Just over two-and-half minutes after Jones put the Blue Devils on the board, Williams fell down in one-on-one coverage and Duke receiver Chris Taylor walked into the end zone on a 52-yard sucker-punch.
It wasn't that McGee's absence alone caused the defense to implode, but that is what happened after he left the game.
Duke hit Northwestern with an ambush of 21 unanswered points at the end of the first quarter and the beginning of the second, a stretch where Jones facilitated the offense like he was Tyus Jones at Cameron Indoor Stadium.
It was clear at the end of the Nevada game in Week 1 that the secondary was decimated, and corners Brian Bullock and Marcus McShepard's absences Saturday accentuated that disheartening reality. It's harder to put safeties down in the box when the corners are shaky, so it was incredibly difficult for Mike Hankwitz's defense to defend the read-option with Jones.

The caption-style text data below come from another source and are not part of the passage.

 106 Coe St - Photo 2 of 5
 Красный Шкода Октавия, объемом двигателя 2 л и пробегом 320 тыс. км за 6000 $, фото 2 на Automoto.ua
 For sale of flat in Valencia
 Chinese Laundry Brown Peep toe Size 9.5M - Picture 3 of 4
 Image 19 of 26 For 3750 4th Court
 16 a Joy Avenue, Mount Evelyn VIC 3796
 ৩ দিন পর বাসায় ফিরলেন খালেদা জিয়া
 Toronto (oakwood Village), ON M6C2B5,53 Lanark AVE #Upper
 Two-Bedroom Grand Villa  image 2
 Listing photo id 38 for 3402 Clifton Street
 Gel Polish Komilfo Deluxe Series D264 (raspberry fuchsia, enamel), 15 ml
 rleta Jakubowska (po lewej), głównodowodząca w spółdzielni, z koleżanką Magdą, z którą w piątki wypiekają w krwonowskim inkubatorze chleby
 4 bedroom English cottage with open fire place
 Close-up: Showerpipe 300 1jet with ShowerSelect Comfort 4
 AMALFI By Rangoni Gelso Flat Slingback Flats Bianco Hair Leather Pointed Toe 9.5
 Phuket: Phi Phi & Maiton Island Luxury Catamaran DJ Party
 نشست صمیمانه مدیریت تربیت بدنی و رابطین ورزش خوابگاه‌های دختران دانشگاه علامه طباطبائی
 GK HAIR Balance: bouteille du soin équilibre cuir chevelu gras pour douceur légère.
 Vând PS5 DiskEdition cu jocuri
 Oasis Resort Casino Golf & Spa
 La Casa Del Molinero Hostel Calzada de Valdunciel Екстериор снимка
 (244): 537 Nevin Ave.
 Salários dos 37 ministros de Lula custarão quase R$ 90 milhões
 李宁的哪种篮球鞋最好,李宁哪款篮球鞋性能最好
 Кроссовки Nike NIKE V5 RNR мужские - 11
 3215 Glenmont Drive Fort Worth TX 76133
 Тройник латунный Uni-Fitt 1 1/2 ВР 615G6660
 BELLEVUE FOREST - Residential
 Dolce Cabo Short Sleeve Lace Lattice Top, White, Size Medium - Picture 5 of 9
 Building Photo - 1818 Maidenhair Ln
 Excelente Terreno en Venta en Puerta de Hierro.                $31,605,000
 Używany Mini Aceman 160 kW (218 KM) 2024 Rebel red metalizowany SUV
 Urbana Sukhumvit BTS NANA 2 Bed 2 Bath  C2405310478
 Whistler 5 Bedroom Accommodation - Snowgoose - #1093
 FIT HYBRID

"We were pretty good on [run-pass options] early, and then we kind of backed off of them a bit," Fitzgerald said. "When we got a little more aggressive, it seemed like it worked out a little better."
Though there were some assignment problems on the read-options, a lot of the general miscues were failing to win individual battles or get off of blocks.
"They knew what we were running, we knew what they were running," said linebacker Paddy Fisher, who recorded 18 tackles in the loss. "We've gotta work on getting downhill, getting into the backfield."
From the beginning of the second quarter on, the tackling was poor. Short gains turned to medium gains, and medium gains turned to big ones. The defense rarely tallied multiple successes in a row.
"We overran the ball, our angles, our open-field tackling was as bad as I've seen," Fitzgerald said.
Part of the tackling woes likely stemmed from fatigue; the Duke offense went 15-of-22 on third down and held the ball for over 41 minutes. Northwestern's offense went 1-of-10 on third down, which made matters worse.
It's unclear when McShepard, Bullock and redshirt freshman Roderick Campbell will come back, but their returns can't come soon enough. Northwestern was already running out of options in the back end, and McGee getting taken out of the equation early on made an already arduous task even tougher.
The game itself, albeit a deflating one, came on the road against a Power 5 opponent. It won't impact Northwestern's Big Ten West chances. But it makes a scenario in which NU beats either Wisconsin or Penn State look increasingly unlikely. The weaknesses that have plagued the defense in recent weeks — a depleted cornerback group and an underwhelming pass-rush — don't look they're going away anytime soon.